# Buck Converter Calculations - Halp!

Discussion in 'General Electronics Discussion' started by Raven Luni, Oct 28, 2012.

1. ### Raven Luni

798
8
Oct 15, 2011
Greetings,

Total brain fart on this one. I bought a bench supply for higher current projects (5-15V, up to 15A). One of the things I want to do is charge my ultracapacitors which are rated for 2.7V. A buck converter would seem like the way to do it but I'm tripping over the maths and the numbers are trying to eat me

There are a few design limitations mainly due to the components I have available. IRF520 is the only power MOSFET I have so everything's designed around that - taking 10V as the input, using a 555 for the PWM (with chosen values it should have roughly a 25% duty cycle @ 33.2kHz). I'd like to deliver about 5A but not sure if the diode will hold up This is what I have for a design so far.

I have no idea how to calculate the values for the inductor. I will need to wind my own but the equations for doing this make me cry I know its best to avoid saturation and fully charging the thing so can I get away with just throwing on alot of turns and hoping for the best? I'll need fairly thick wire too I'm guessing?

I was also wondering about current limiting resistors. Even if I set the current limit at the supply wont the voltage drop out initially since a discharged capacitor looks like a short (or is that where the inductor comes in)? If I was to use resistors to limit current then 10V @ 5A = 50W and I dont have anything that can take that (most ive got is some 7W resistors).

Anyway - any help or even radically different suggestions much appreciated

2. ### BobK

7,682
1,688
Jan 5, 2010
First of all, you need a P-channel MOSFET in that circuit. Then I think you can just drive the gate from the '555. You don't need the 2200uF since it is just going to be in parallel with your supercap.

Basically think of it not as a voltage regulator, think of it as loading up some current into the inductor, then dumping that current into capacitor.

You have to choose an inductor that can handle the current without saturating. Then you cal calculate how much time it will take to load the current into the inductor via

dI/dt = V / L

For example, a 1mH inductor with 10V across it will gain 10000 amps per second or 1amp in 100us.
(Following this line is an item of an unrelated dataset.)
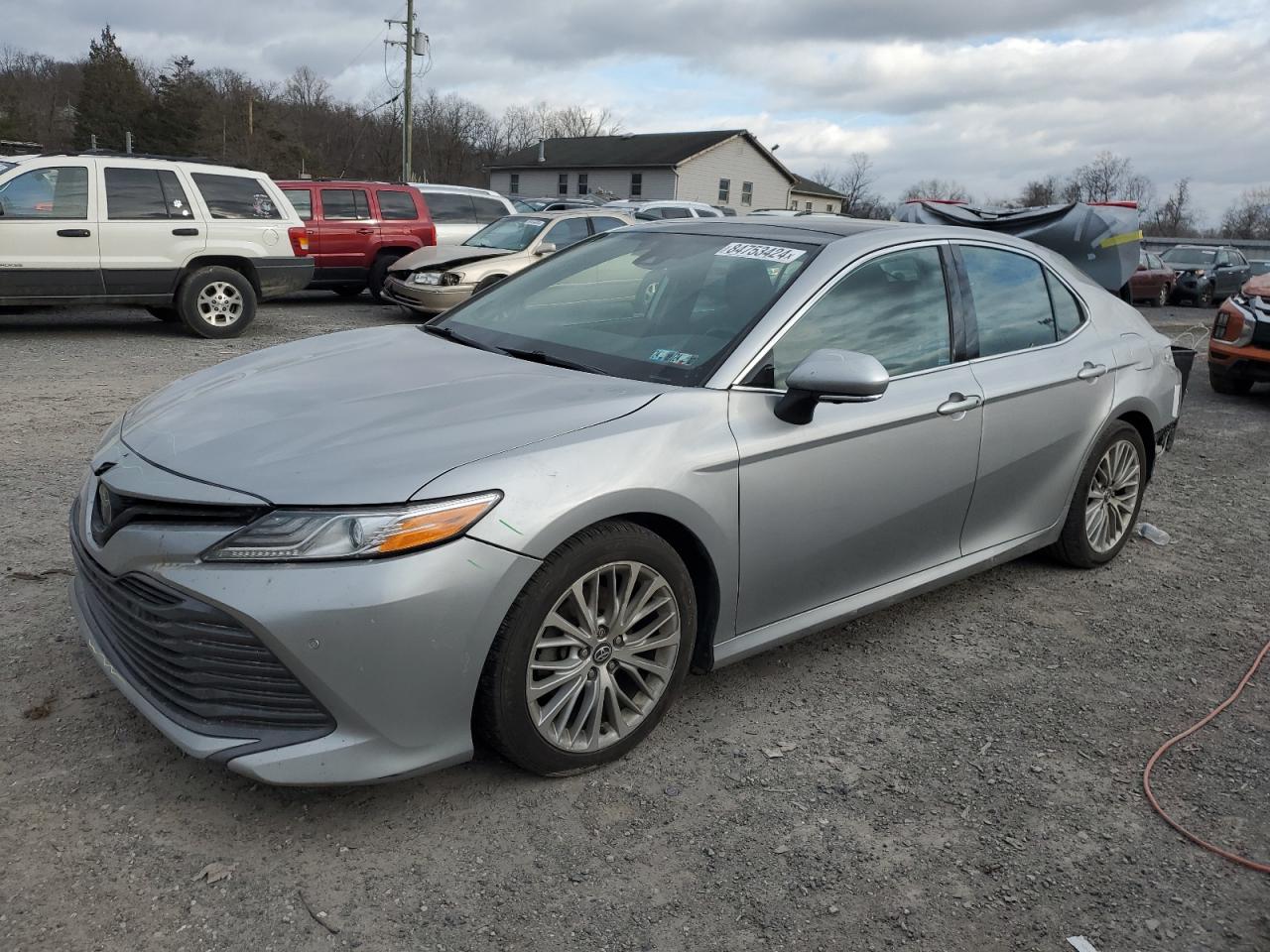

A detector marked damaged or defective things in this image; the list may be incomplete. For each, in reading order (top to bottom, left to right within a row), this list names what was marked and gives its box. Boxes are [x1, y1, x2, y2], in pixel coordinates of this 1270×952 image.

damaged vehicle [379, 209, 631, 315]
damaged vehicle [69, 219, 1183, 785]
Oh, and you have to stop it when the capacitor reaches the desired voltage.

Bob

3. ### KrisBlueNZSadly passed away in 2015

8,393
1,271
Nov 28, 2011
As BobK suggests, you should use a P-channel MOSFET, with drain and source reversed (source connected to the incoming supply positive rail).

Alternatively you can use an N-channel MOSFET if you provide a suitable gate drive waveform. As it stands, using an N-channel MOSFET, the design won't properly turn on the MOSFET. The MOSFET needs its gate to be 5~10V higher than its source, to properly saturate. But when it is saturated, it pulls its source up to its drain voltage (i.e. the input supply voltage), so the gate voltage needs to be 5~10V higher than that. MOSFET gate driver ICs are available to produce a suitable drive signal, normally using a capacitor/diode charge pump to generate the higher positive voltage. Also it's wise to connect a zener between gate and source to prevent damage, and a series resistor in the gate signal.

Also a 1N4001 is totally unsuitable as the recovery diode - it's much too slow. Usually you'd use a Schottky diode such as the 1N5819 (1A maximum current, like the 1N4001) or something meatier. If you want 5A out of the power supply, you need a diode rated for at least 5A.

Of course, you could just buy one of those Chinese buck regulator boards based on a National Semiconductor part, and save yourself a lot of trouble!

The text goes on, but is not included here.